Capacité de logement
La batterie pouvait recevoir en temps de paix :
- 1 officier, 2 sous-officiers et 75 hommes de troupe.
La capacité pouvait alors doubler en temps de guerre :
- 156 sous-officiers et hommes de troupe en cas de nécessité avec des lits des casemates étant à étage et à 4 places.
Quelques chiffres de capacité pour le magasin de subsistance :
- 88 quintaux de foin et paille
- 34 quintaux de farine
- 2 quintaux de riz
- 9 quintaux de conserve de viande
- 1 ql de sel
- 1 ql de café
- 299 quintaux de bois
- 34 hl de vin
- Une citerne d’eau d’une capacité de 185 m3
- Une poudrière d’une capacité de 26,6 T à 38,1 T de poudre rangées par caisse de 50 x 50 x 50 cm.
Le magasin à poudre
Le magasin à poudre est la pièce la plus importante du fort, c’est là que l’on stocke la poudre noire qui est l’explosif principal pour l’artillerie à cette époque.
La taille du magasin est calculée en fonction du type et du nombre de pièces d’artillerie qu’il y a dans l’ouvrage. Ces magasins sont bâtis en pierre de taille, ils se composent d’une chambre de stockage possédant 4 murs qui ne sont pas en contact avec la terre de remblai. La poudre noire est stockée dans des caisses étanches d’une contenance de 50 kg qui sont alignées sur 8 à 10 rangées.
Un vestibule d’entrée permet d’accèder à la chambre de stockage dont l’éclairage est placé dans la chambre des lampes. Deux gaines de circulation, appelées galeries enveloppes, sont situées en parralèle à la chmabre de stockage. Un vide sanitaire est placé en dessous de la totalité du magasin. Le tout sert de décompression en cas d’explosion accidentelle et permet également une excellente ventilation naturelle car la poudre noire ne supporte pas l’humidité. L’intérieur est recouvert d’un plancher en chêne surelevé facilitant la circulation d’air. Aujourd’hui, seules persistent les lambourdes béton.

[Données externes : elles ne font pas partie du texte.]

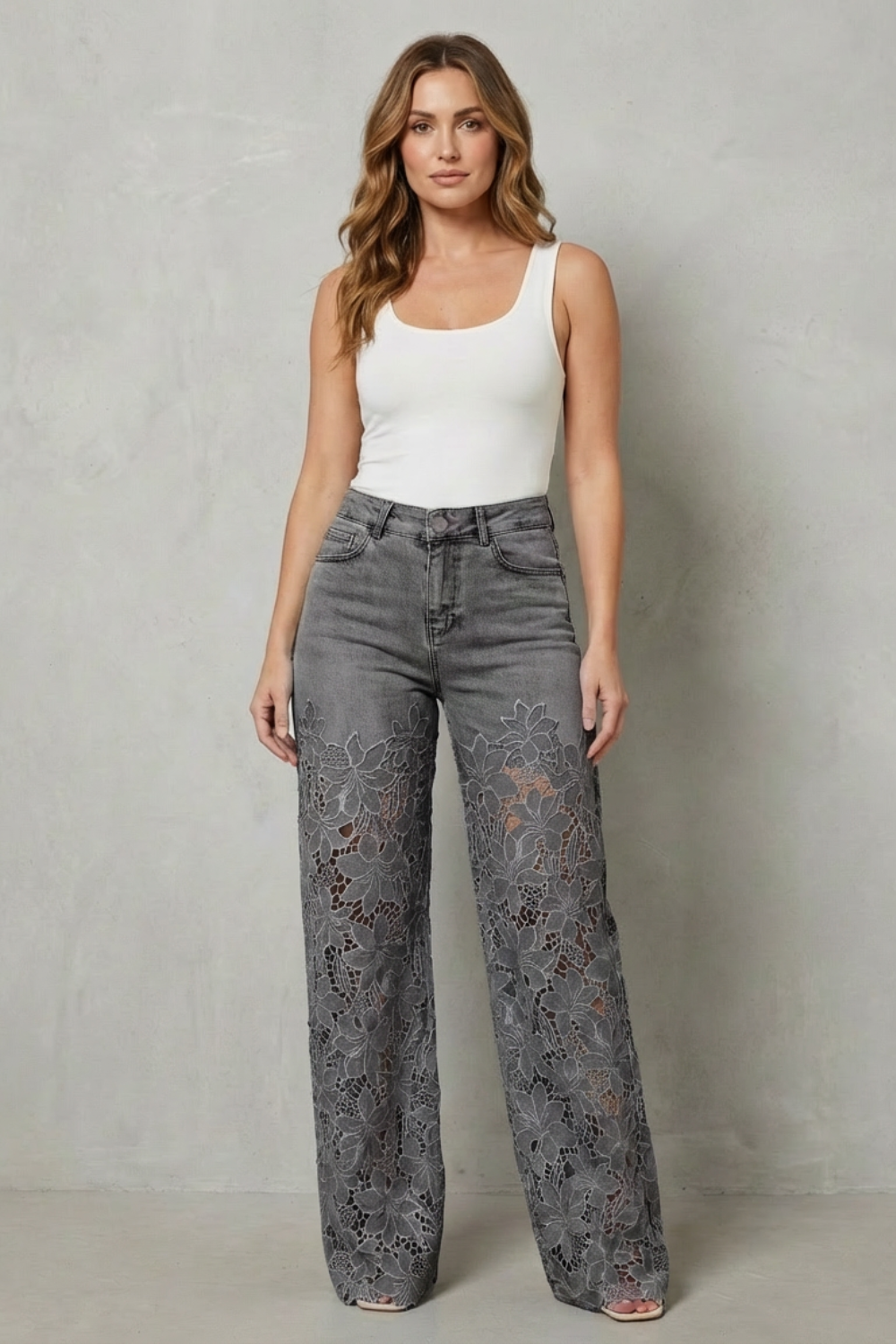 SOLÉRINE – FLORAL LACE OVERLAY – WIDE-LEG DENIM JEANS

Les gonds de la porte, ainsi que toutes les pièces métalliques, sont en bronze afin d’éviter toute étincelle qui pourrait être fatale dans ce lieu remplit d’explosif. L’entrée du magasin est protégée par deux portes blindées, aujourd’hui disparues de notre fort.
L’éclairage du magasin s’effectue la journée grâce à un mirroir qui diffuse la lumière du soleil par le biais d’un puits de lumière. La nuit, il est éclairé par des lampes fonctionnant au colza. Elles sont placées dans la chambre des lampes, dans des créneaux aménagés derrière une vitre de 2 cm d’épaisseur qui évite les accidents vers la chambre de stockage. Le nombre de lampe varie en fonction de la taille du magasin. Comme on le voit sur le schéma ci-dessus, le magasin de la batterie possède trois créneaux à lampe.